Настолько о презумпциях, общих или специальных; настолько о вероятностях, аналогичных или прямых, в поддержку этой британской претензии. Наконец, когда мы приходим к доказательствам, из факта и исторического опыта, мы могли бы апеллировать к единственному случаю в записях нашего Казначейства; а именно, что на протяжении гораздо более чем столетия назад наш Gazette и другие публичные рекламодатели признавали серию анонимных денежных переводов от тех, кто в то или иное время присвоил государственные деньги. Мы понимаем, что никакой соответствующий факт не может быть процитирован из иностранных записей. Теперь, это прямой пример того раскаяния, на котором настаивал наш путешествующий друг. Но мы предпочитаем скорее броситься на общую историю Великобритании, на дух ее политики, внутренней или внешней, и на универсальные принципы ее общественной морали. Возьмите случай государственных долгов и выполнения контрактов тем, кто не мог принудить к выполнению; мы первыми установили этот прецедент. Все нации теперь узнали, что честность в таких случаях в конечном итоге лучшая политика; но это они узнали из нашего опыта, и не раньше, чем почти все они попробовали другую политику. Мы были теми, кто, при самых трудных обстоятельствах войны, поддерживал святость от налогообложения всех иностранных инвестиций в наши фонды. Наше поведение в отношении рабов, будь то в случае рабства или работорговли — насколько оно всегда было разумным, нам не нужно спрашивать; что касается его моральных принципов, они ушли так далеко вперед европейских стандартов, что нас ни понимали, ни верили.

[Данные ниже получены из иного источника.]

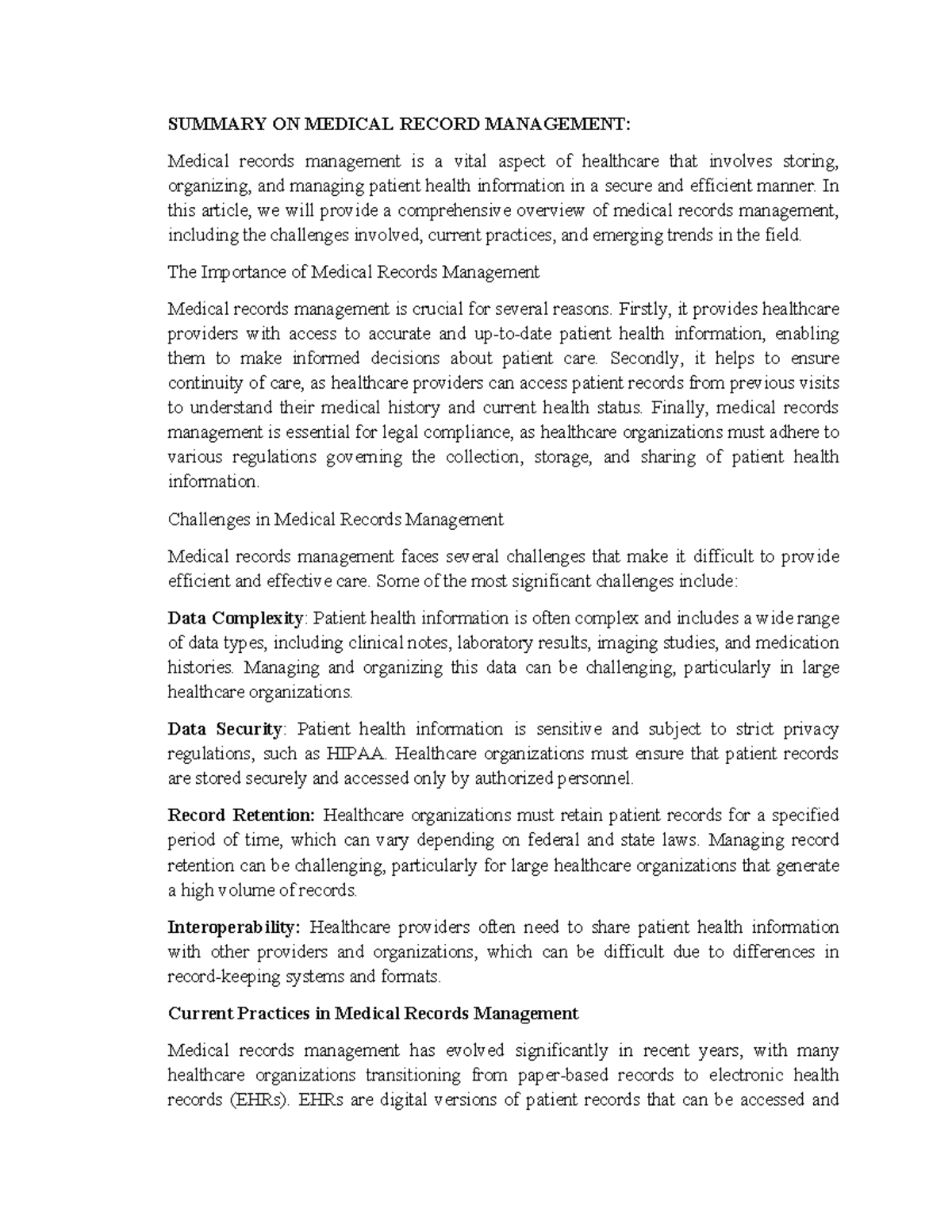 Summary ON Medical Reports AND Managment SUMMARY ON MEDICAL RECORD MANAGEMENT Medical records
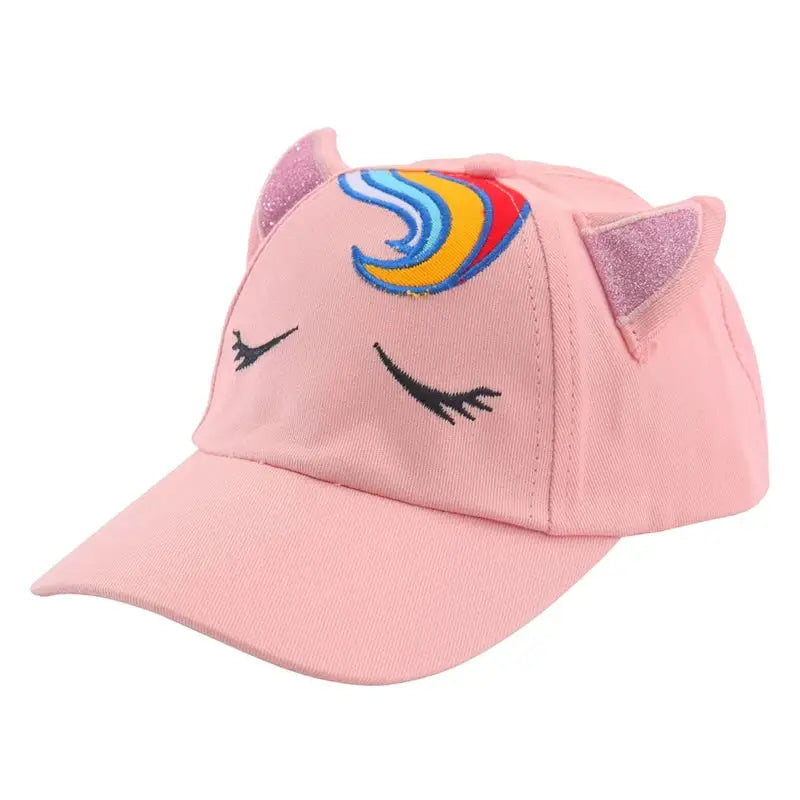 Casquette baseball licorne rose avec oreilles pailletées et crinière arc-en-ciel brodée sur le devant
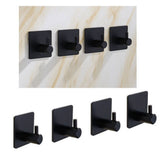 4PCS Clothes Hooks Strong Adhesive Wall Hook 304 Stainless Steel Hanging Hooks Black Square - Front View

Совершенство романтики приписывалось нам всеми, кто не упрекал нас в совершенстве иезуитского мошенничества; многими наш девиз предполагался уже не старым «divide et impera», а «annihila et appropria». Наконец, оглядываясь назад на наши ужасные конфликты с тремя завоевывающими деспотами современной истории, Филиппом II Испанским, Людовиком XIV и Наполеоном, мы можем неоспоримо хвастаться тем, что были единственными в поддержании общих справедливостей Европы войной в колоссальном масштабе и нашими советами на общих конгрессах христианского мира.